The report also points out that evaporation from reservoirs is entirely non-beneficial, while water loss from natural wetlands provides important local benefits in terms of both pastoral production and biodiversity. 
They recommend that water storage be carried out in the Ethiopian Highlands where evaporation is low rather than the arid lowlands where the majority of water is now lost.  As a water-saving measure, more efficient storage is a much more urgent priority than draining papyrus swamps.

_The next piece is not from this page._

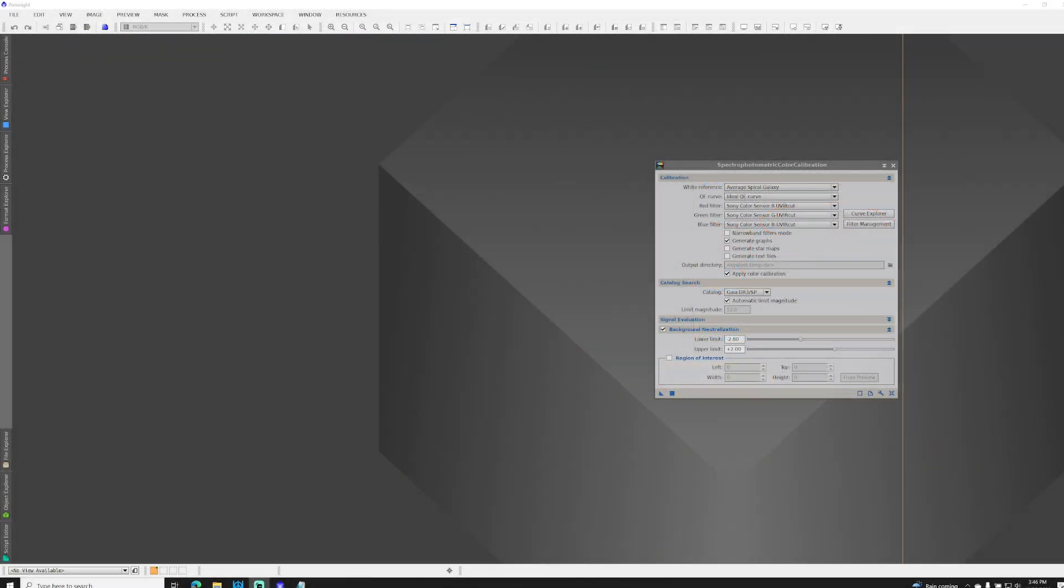Hi everyone, this is Jason. I've been learning more about SPCC, the photometric color calibration tool from PixInsight, and I wanted to show you how to use filters for your one-shot color camera, as well as how to use the Curve Explorer to make custom filters for your setup, or to import filters others have made using filter management.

The Sudd can and should be saved, as explained in Papyrus: The Plant that Changed the World, From Ancient Egypt to Today’s Water Wars.  Due out in June from Pegasus Books (http://tinyurl.com/goodreed) by John Gaudet, Ph.D., a professional ecologist and environmental adviser, will tell us how all the above can be avoided. Watch this short video that brings much of this into perspective:  http://tinyurl.com/reedfield


(Info from: Awulachew, S., V. Smakhtin, D. Molden and D. Peden, 2012. The Nile River Basin: Water, Agriculture, Governance and Livelihoods.  Routledge, U.K. and N.Y.  Note: Water loss expressed as millions of cubic meters per square km).